Origin of symmetry

i got a book out of the (not so) secret Santa in work. Knowing my rants on science and belief I got the most appropriate What we believe but cannot prove– today’s leading thinkers on science in the age of certainty.

I love the idea of getting a bunch of really smart guys together to come up with the notions that they hold dear that they suspect scientific empiricism will not give them a clear answer on.

Unfortunately it’s by a self-selected bunch of modernists with a taste for Ditchkinisms.

It seemed fashionable to answer the most complex of human questions with scientific empiricism back in the 19th century and it seems many haven’t got over the fact that ancients in thought had been there for a long time before them and had no intention of shifting.

Though perhaps I’m being unfair. There are a few crackers in there.

My favorite so far was

scientific results cannot be proved. they can only be tested again and agin until only a fool would refuse to believe them. I cannot prove that electrons exist, but i fervently believe in their existence. And if you don’t believe in them I have a high voltage cattle prod I’m willing to apply as an argument on their behalf.
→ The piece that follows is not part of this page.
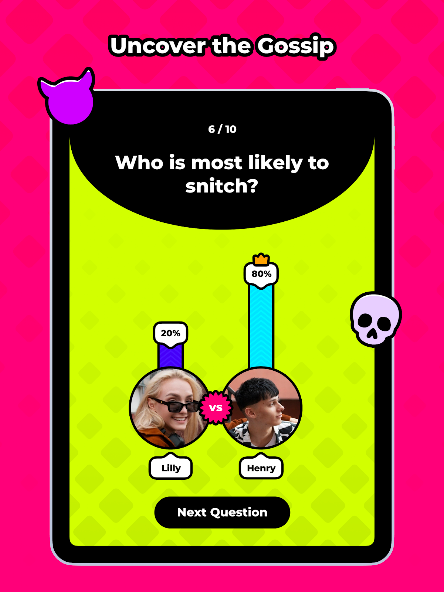 Gossip screenshot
i am a big fan of evolution – maybe it gives me a survival advantage to like it… It seems a great way to explain how we made many of the steps from slime to primates to humans.

Though I feel that’s where it falls flat on it’s face. Human beings have been around for only a tiny fraction of the evolutionary fraction that got us to our beginning. Unfortunately I feel that natural selection went out the window the moment a recognisable human being appeared.
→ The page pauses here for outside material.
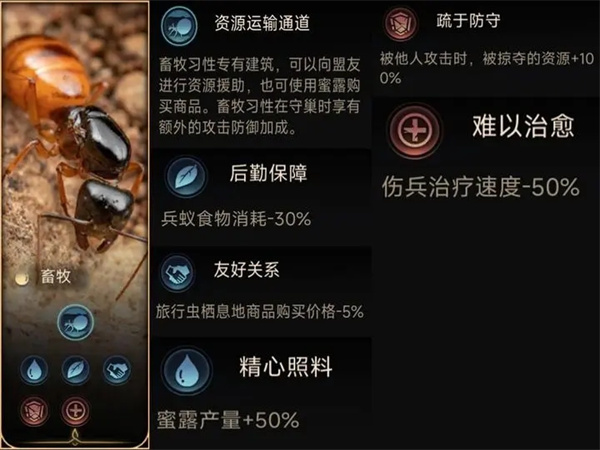 畜牧习性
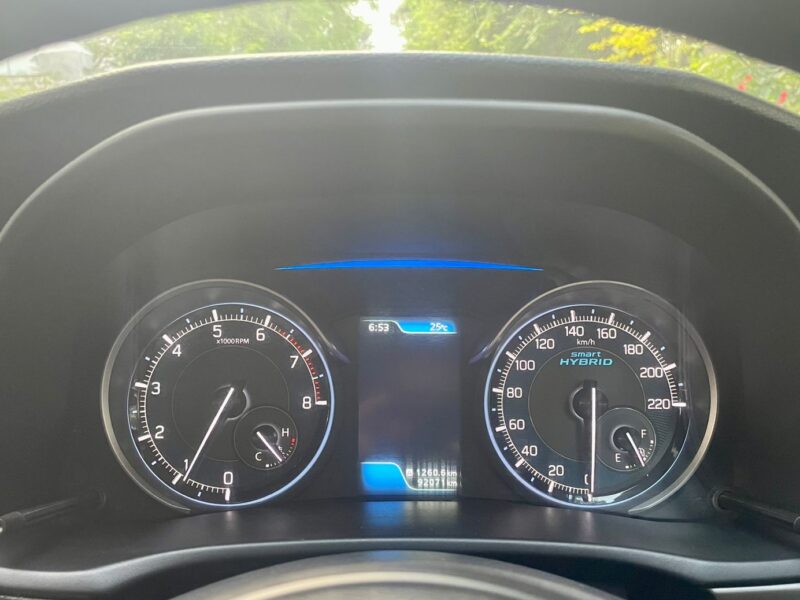 2019 Sep Maruti Suzuki XL6 Zeta (Petrol)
[Let me acknowledge that anything recognisable as a human did not appear overnight. Over a few million years might be more useful, but let me make my point first]

Let me define a recognisable human being in a simplistic way – groups of humans reproducing and hunting/gathering with vestiges of farming and drawing animals on caves in the south of France.

This was pretty damn recent.

The moment we let something more than our genes or reproductive desires influence how we lived we made a step backwards in terms of our evolution – in the Darwinian sense anyhow.

My favorite phrase is usually that when our brains outgrew our dicks we began our journey towards our own biological self-destruction.

The moment we nurtured the weak in the group was the moment we started going backwards. The moment we nurtured a kid with trisomy 21, the moment we helped the young kid with pneumonia , the moment we started carrying the toddler with DDH.

Our rapidly enlarging brains gave us the ability to be effective in our nurturing (what i really mean to say is loving but shhhh don’t tell anyone…) deeds.

In the book Judith Rich Harris says she believes in 3 not 2 selection processes in humnaity 1) natural selection 2) sexual selection and 3) “parental” selection.

Parental selection is a shit name. Acts of love I would call it but don’t tell her that. Plus it sounds a bit cringe worthy and i haven’t spent enough time on it to think of anything better.

She tells the story of a woman from a “primitive” tribe who talks about a parent initally deciding to abandon her as yet unborn child as she was still nursing her previous child. but when the child was born she decided to encourage and nurse it instead.

She bases this choice on aesthetics – something different about one child and not the other that causes the parent not to abandon the infant due to circumstance (which undoubtedly happened regualrly in both our history and pre-history)

She goes on to suggest that we are hairless for such reasons (and over a very short period of time) which i find a bit hard to swallow.

But the idea that something fundamentally changed in our human journey interests me immensely.

I believe we are much more interesting than genes and natural selection. Our refusal as a species to naturally select has thrown a spanner in the double helix.